Data:
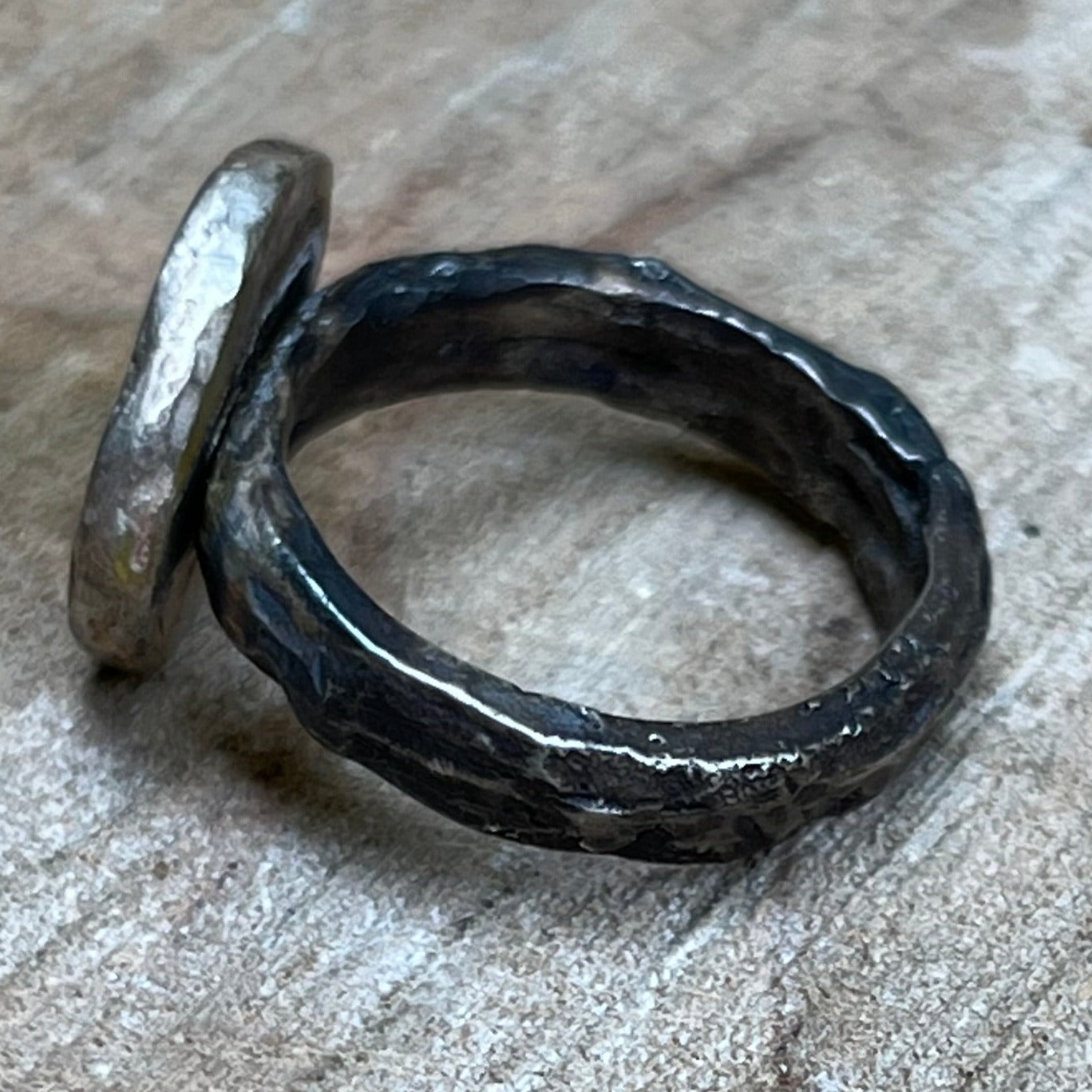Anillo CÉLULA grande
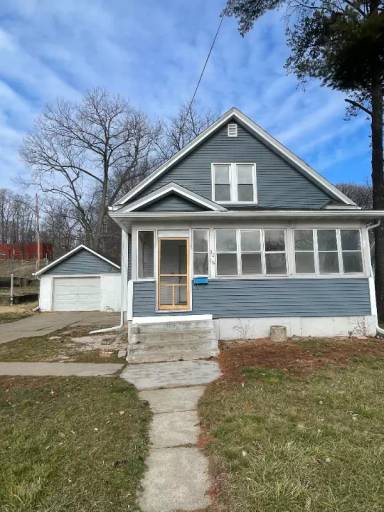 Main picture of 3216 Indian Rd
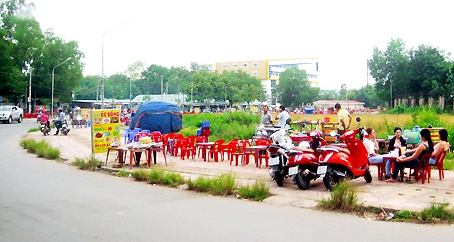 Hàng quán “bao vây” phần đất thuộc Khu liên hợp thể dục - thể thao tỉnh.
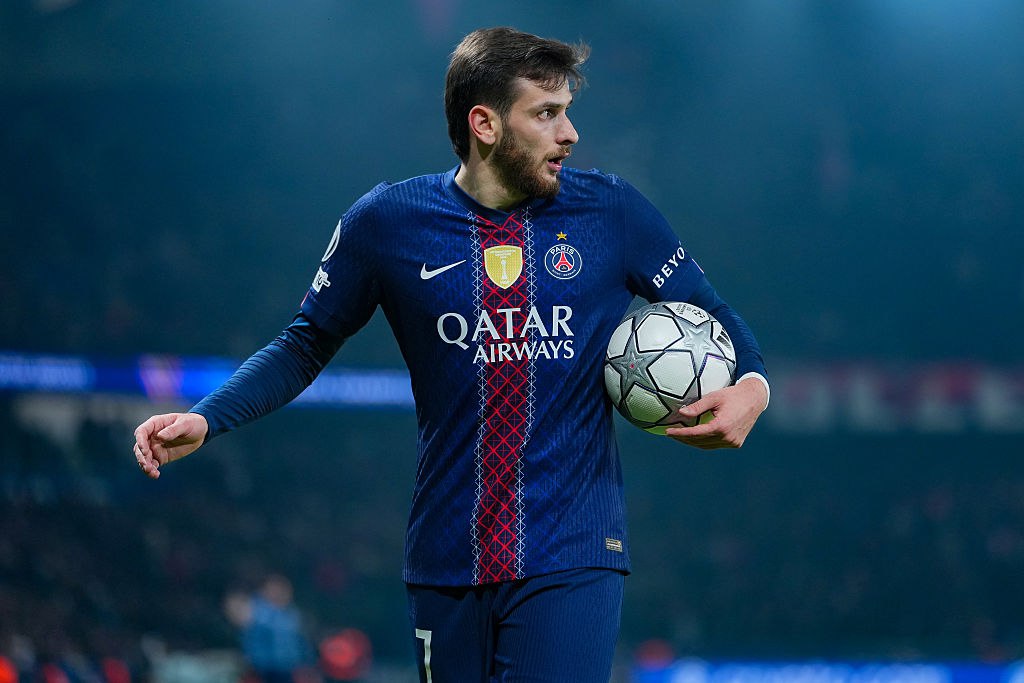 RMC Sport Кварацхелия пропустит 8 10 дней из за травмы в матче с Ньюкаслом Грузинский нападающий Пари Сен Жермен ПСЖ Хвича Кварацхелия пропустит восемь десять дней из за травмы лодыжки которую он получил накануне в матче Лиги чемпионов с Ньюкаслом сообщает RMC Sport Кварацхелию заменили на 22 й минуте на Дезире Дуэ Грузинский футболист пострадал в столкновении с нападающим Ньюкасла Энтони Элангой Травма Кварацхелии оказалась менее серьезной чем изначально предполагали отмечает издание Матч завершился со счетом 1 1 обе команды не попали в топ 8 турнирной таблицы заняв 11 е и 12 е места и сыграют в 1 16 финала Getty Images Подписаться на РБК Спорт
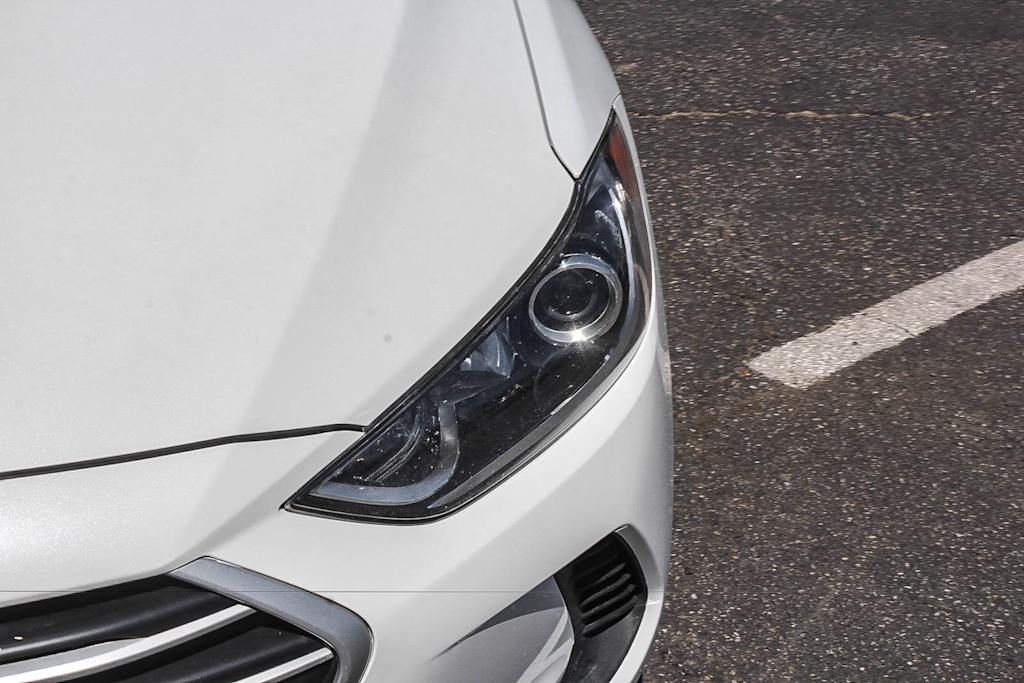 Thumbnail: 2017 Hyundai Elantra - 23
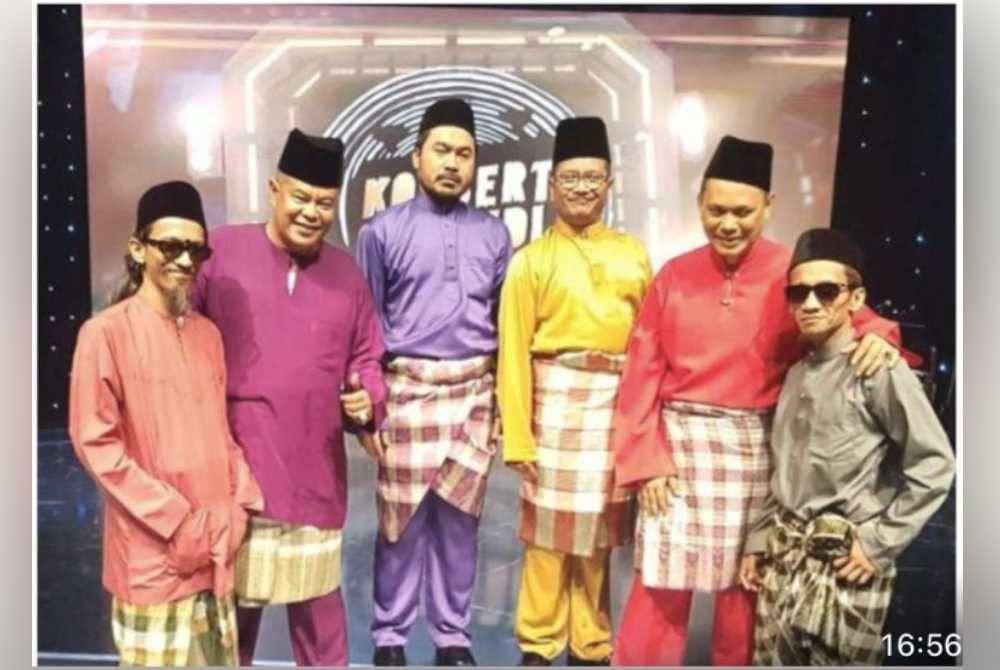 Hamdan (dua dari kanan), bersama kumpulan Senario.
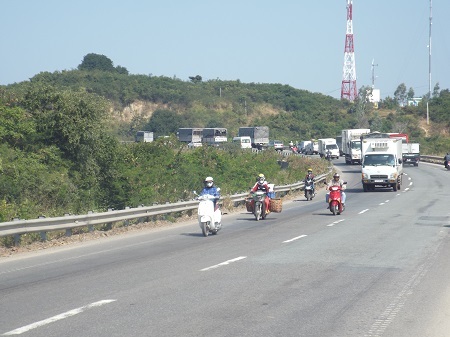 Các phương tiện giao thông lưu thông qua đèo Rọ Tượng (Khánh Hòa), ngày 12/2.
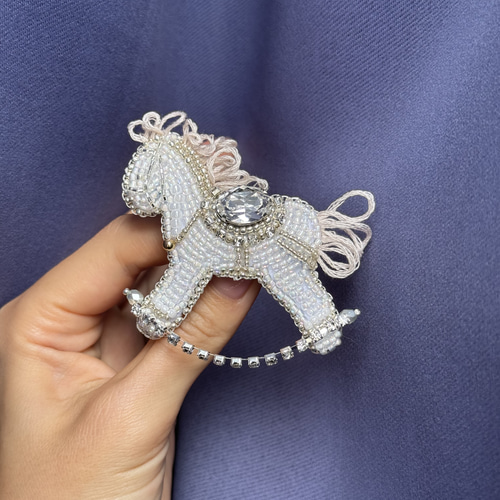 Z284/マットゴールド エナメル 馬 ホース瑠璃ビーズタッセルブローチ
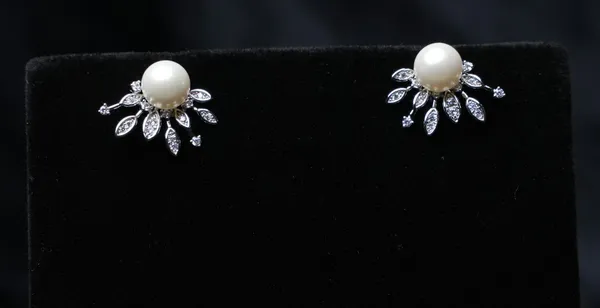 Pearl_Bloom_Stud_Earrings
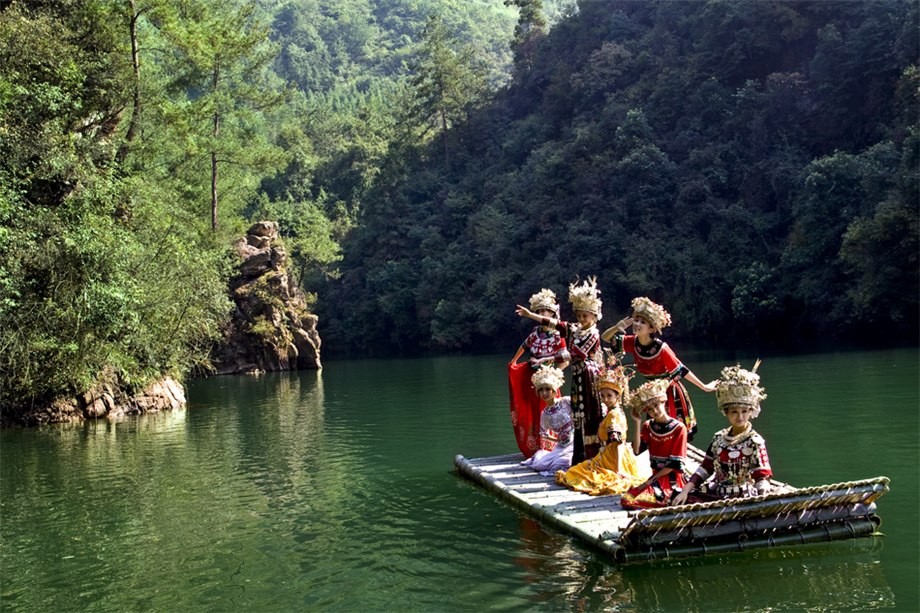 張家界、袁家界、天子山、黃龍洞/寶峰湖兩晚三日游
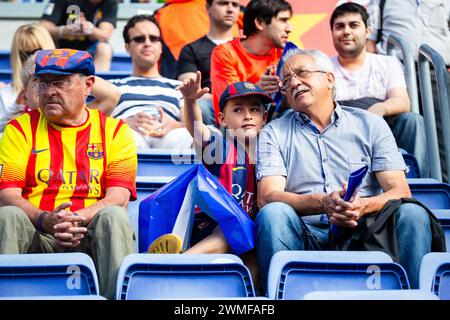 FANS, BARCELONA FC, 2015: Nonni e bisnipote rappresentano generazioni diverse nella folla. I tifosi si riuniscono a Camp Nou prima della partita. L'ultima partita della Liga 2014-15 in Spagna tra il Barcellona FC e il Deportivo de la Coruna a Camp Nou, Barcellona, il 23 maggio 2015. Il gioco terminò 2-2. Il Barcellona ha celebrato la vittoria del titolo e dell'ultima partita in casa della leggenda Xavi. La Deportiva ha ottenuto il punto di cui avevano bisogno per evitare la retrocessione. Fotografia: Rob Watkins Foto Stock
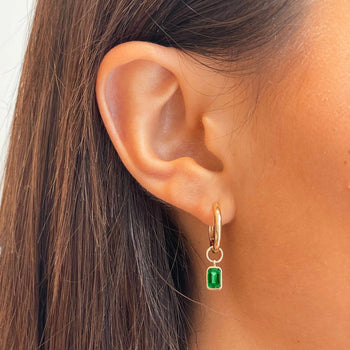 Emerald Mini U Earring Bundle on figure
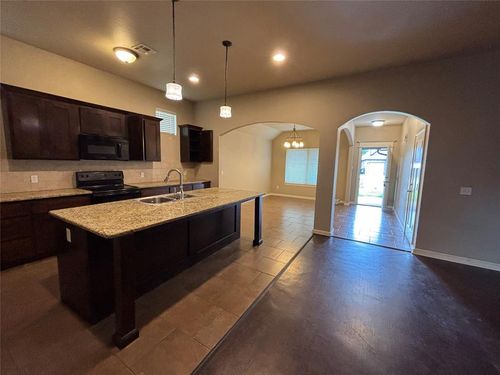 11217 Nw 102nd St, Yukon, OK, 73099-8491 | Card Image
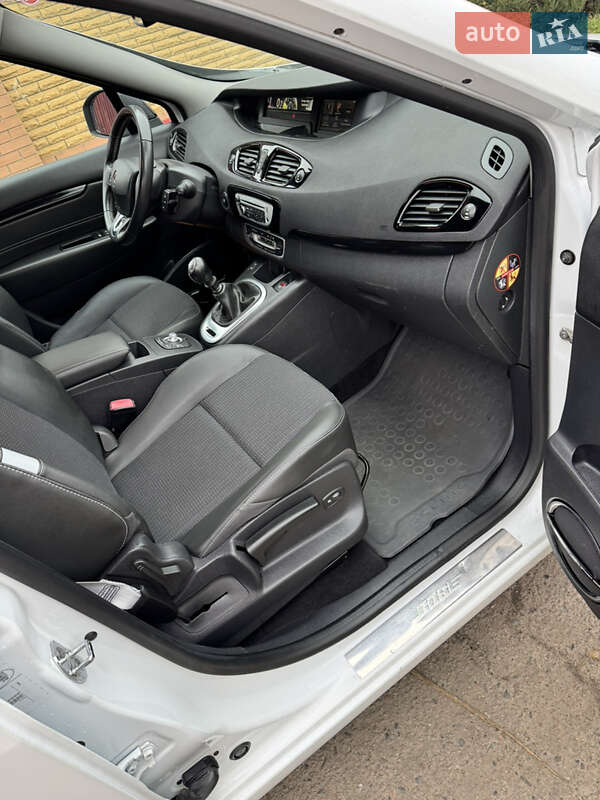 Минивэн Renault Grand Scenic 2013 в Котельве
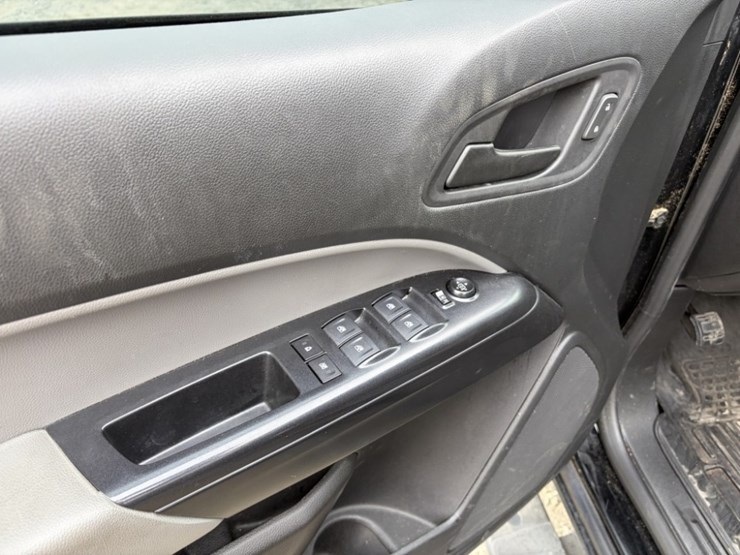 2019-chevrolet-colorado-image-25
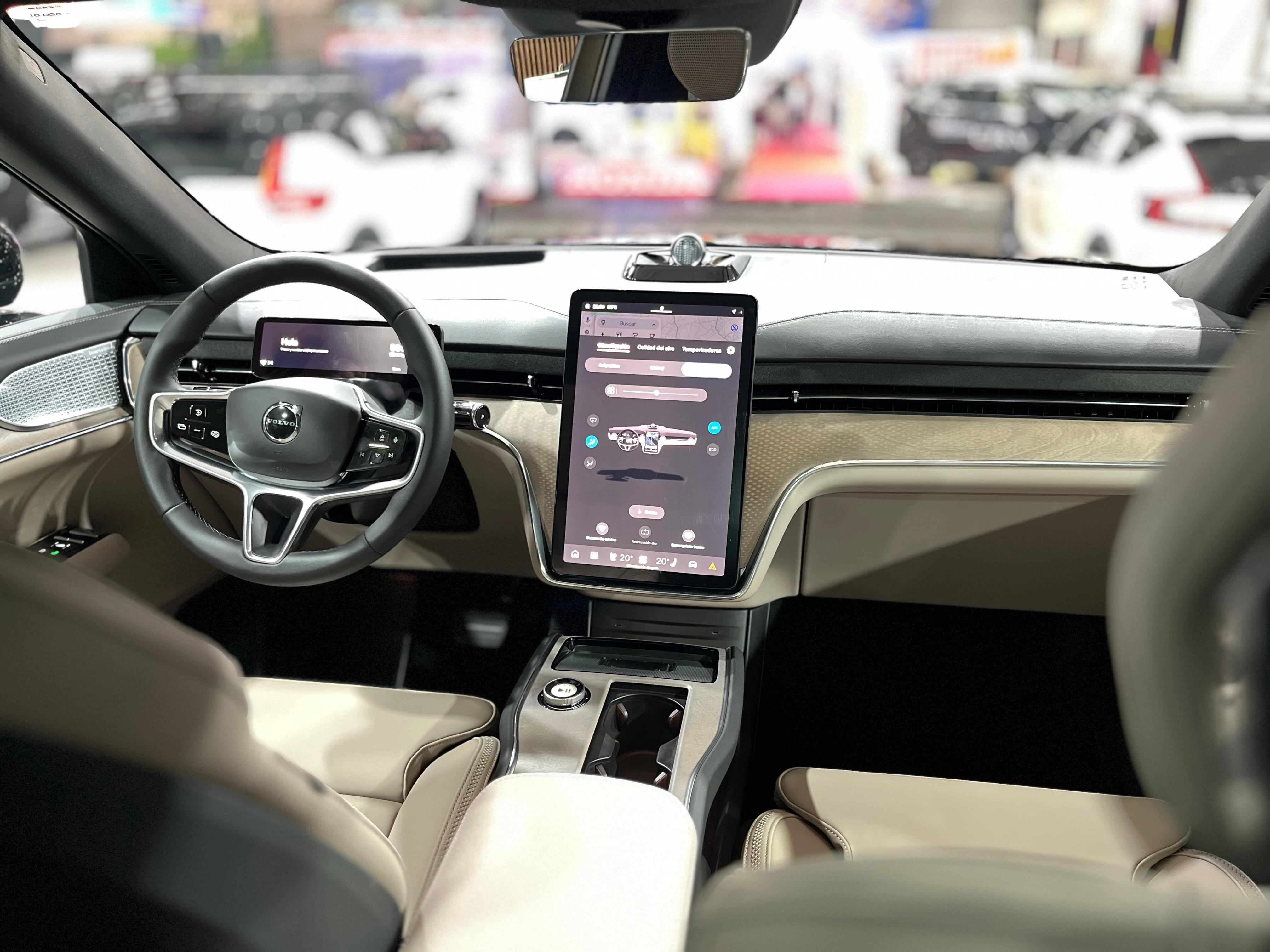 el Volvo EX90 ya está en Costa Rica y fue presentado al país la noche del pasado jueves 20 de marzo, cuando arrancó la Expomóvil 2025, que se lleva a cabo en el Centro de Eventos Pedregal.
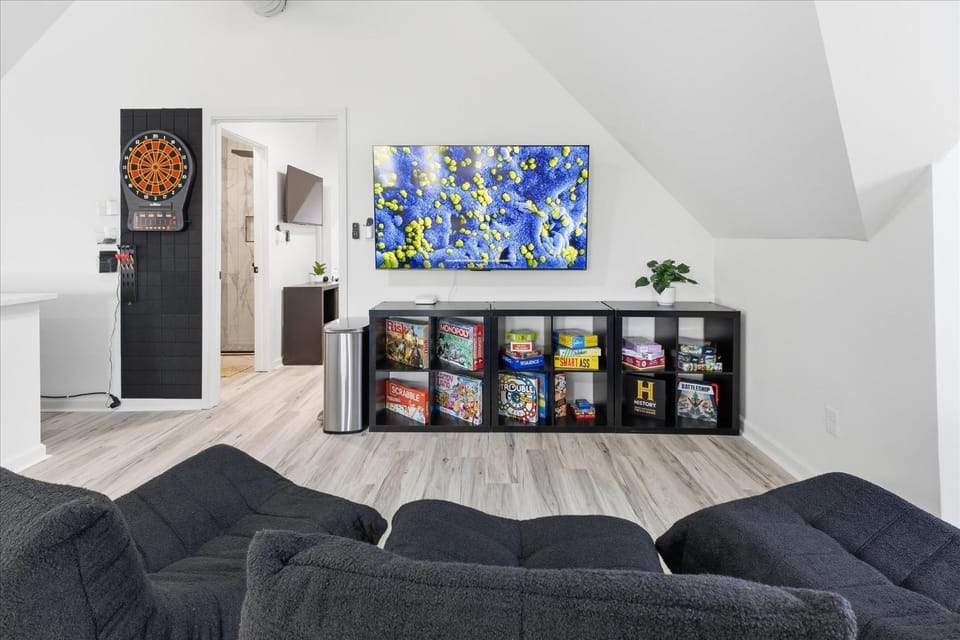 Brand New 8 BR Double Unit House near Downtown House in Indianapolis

Work required: Type out each line of the records above exactly, skipping any pictures.

Response for this exercise:
Anillo CÉLULA grande
 Main picture of 3216 Indian Rd
 Hàng quán “bao vây” phần đất thuộc Khu liên hợp thể dục - thể thao tỉnh.
 RMC Sport Кварацхелия пропустит 8 10 дней из за травмы в матче с Ньюкаслом Грузинский нападающий Пари Сен Жермен ПСЖ Хвича Кварацхелия пропустит восемь десять дней из за травмы лодыжки которую он получил накануне в матче Лиги чемпионов с Ньюкаслом сообщает RMC Sport Кварацхелию заменили на 22 й минуте на Дезире Дуэ Грузинский футболист пострадал в столкновении с нападающим Ньюкасла Энтони Элангой Травма Кварацхелии оказалась менее серьезной чем изначально предполагали отмечает издание Матч завершился со счетом 1 1 обе команды не попали в топ 8 турнирной таблицы заняв 11 е и 12 е места и сыграют в 1 16 финала Getty Images Подписаться на РБК Спорт
 Thumbnail: 2017 Hyundai Elantra - 23
 Hamdan (dua dari kanan), bersama kumpulan Senario.
 Các phương tiện giao thông lưu thông qua đèo Rọ Tượng (Khánh Hòa), ngày 12/2.
 Z284/マットゴールド エナメル 馬 ホース瑠璃ビーズタッセルブローチ
 Pearl_Bloom_Stud_Earrings
 張家界、袁家界、天子山、黃龍洞/寶峰湖兩晚三日游
 FANS, BARCELONA FC, 2015: Nonni e bisnipote rappresentano generazioni diverse nella folla. I tifosi si riuniscono a Camp Nou prima della partita. L'ultima partita della Liga 2014-15 in Spagna tra il Barcellona FC e il Deportivo de la Coruna a Camp Nou, Barcellona, il 23 maggio 2015. Il gioco terminò 2-2. Il Barcellona ha celebrato la vittoria del titolo e dell'ultima partita in casa della leggenda Xavi. La Deportiva ha ottenuto il punto di cui avevano bisogno per evitare la retrocessione. Fotografia: Rob Watkins Foto Stock
 Emerald Mini U Earring Bundle on figure
 11217 Nw 102nd St, Yukon, OK, 73099-8491 | Card Image
 Минивэн Renault Grand Scenic 2013 в Котельве
 2019-chevrolet-colorado-image-25
 el Volvo EX90 ya está en Costa Rica y fue presentado al país la noche del pasado jueves 20 de marzo, cuando arrancó la Expomóvil 2025, que se lleva a cabo en el Centro de Eventos Pedregal.
 Brand New 8 BR Double Unit House near Downtown House in Indianapolis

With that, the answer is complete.